ICIS VIEW: UKCS investment remains sluggish despite high prices

Rob Dalton


LONDON (ICIS)– Despite seemingly positive signals for North Sea energy development from gas prices at nearly double long-term averages, UK investment remains sluggish at best and long-term decline seems to be on the cards.

The ICIS NBP Month +1 contract has halved since the explosion on the Nord Stream pipeline in September 2022, mainly due to steady British LNG imports along with a strong storage buildout on the continent.

UK gas production also peaked in 2022 off the back of record-high gas prices alongside an easing of maintenance and restrictions on production.

Gas prices remain structurally high because of a fundamental mismatch between supply and demand, which, in theory, should act as an incentive for UK North Sea producers.


While on the face of it the UK seems to be steadily expanding production within the North Sea, with the potential to add around 48.2mcm/day to the UK gas system by the end of the decade, the supply situation looks more precarious when placed under the microscope.

Only three new fields gained development approval last year (Jackdaw, Abigail and Tommeliten A), with these projects containing over 12bcm of discoverable gas reserves.
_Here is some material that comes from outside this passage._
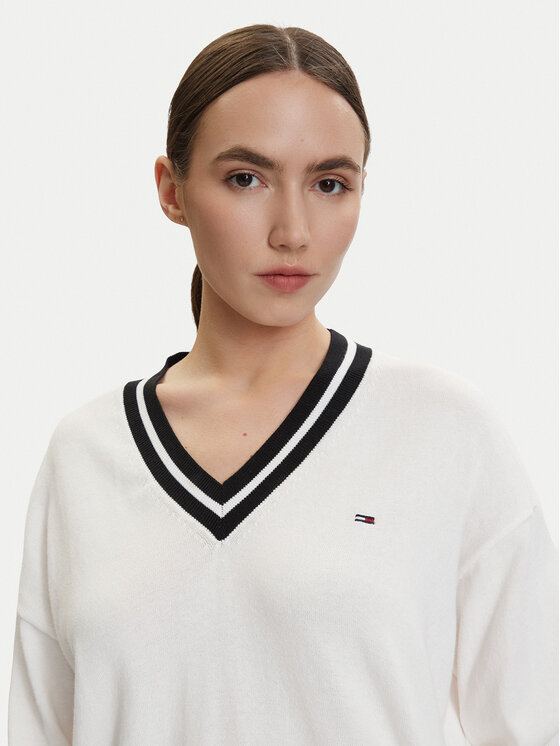 Tommy Jeans Tommy Jeans Sweter DW0DW22778 Biały Regular Fit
While this may seem like a sizeable addition for the UK, this is around a fraction of the 67.5bcm discovered in the previous decade.

There are also ten projects under review by the UK government which could add around 97.5bcm to the UK energy balance.
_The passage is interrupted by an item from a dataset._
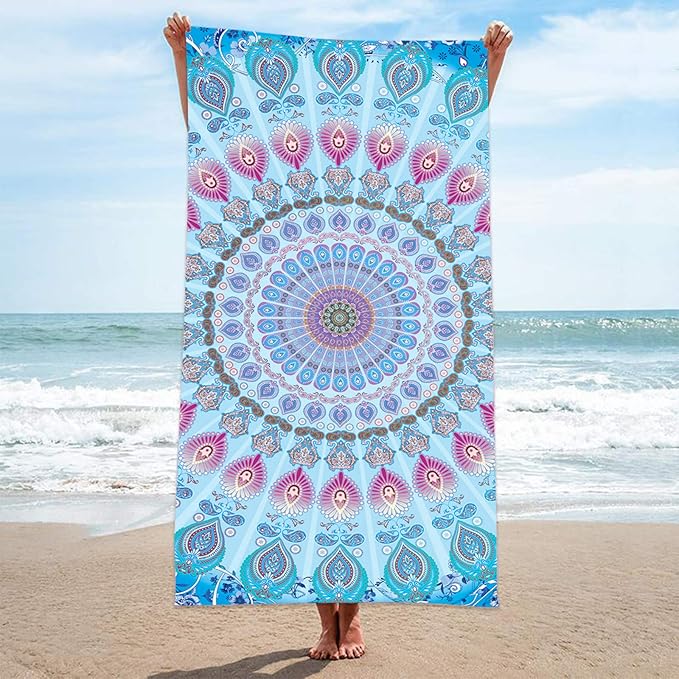 Bonsai Tree Mandala Beach Towel, Indian Hippie Boho Microfiber Bath Towel for Women, Bohemian Blue Sand Free Quick Dry Travel Towels Gifts for Yoga Sports Adults 30" x 60"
However, investment appetite for long-term, costly oil and gas fields may be under threat with two of Britain’s recent additions (Cambo and Rosebank) continually delaying their final investment decisions because of uncertainty around economic conditions and taxes.

This has been mainly evidenced in a significant reduction in capital expenditure on the UK continental shelf (UKCS) since the beginning of 2010. Investment in the North Sea reached an all-time peak of £16.2bn in 2014 and has now more than halved to £4.7bn in 2022.

Capital expenditure is set to reduce even further over the next decade, falling to a projected low of £2.5bn.


The current high-price environment should in theory incentivise continued investment in the UK’s North Sea to capture this high value.

However, the introduction of the Energy Profits Levy in 2022 has caused significant turmoil in the UK’s upstream process, and has discouraged investment and raised costs for many producers.

A recent business outlook report from trade association Offshore Energies UK estimated around 500mn barrels of oil had been wiped off the UK North Sea’s balance sheets owing to risks associated with investment.

To go one step further, the gradual erosion of the UKCS, along with unfavourable investment conditions, will force the Britain back into the global gas market and leave it increasingly exposed to developments worldwide.

Indeed, the OEUK estimated that imports cost the UK £117bn in 2022, compared with £54bn in the previous year.

In 2022, the UK imported around 60% of its gas needs, with production taking up 40%.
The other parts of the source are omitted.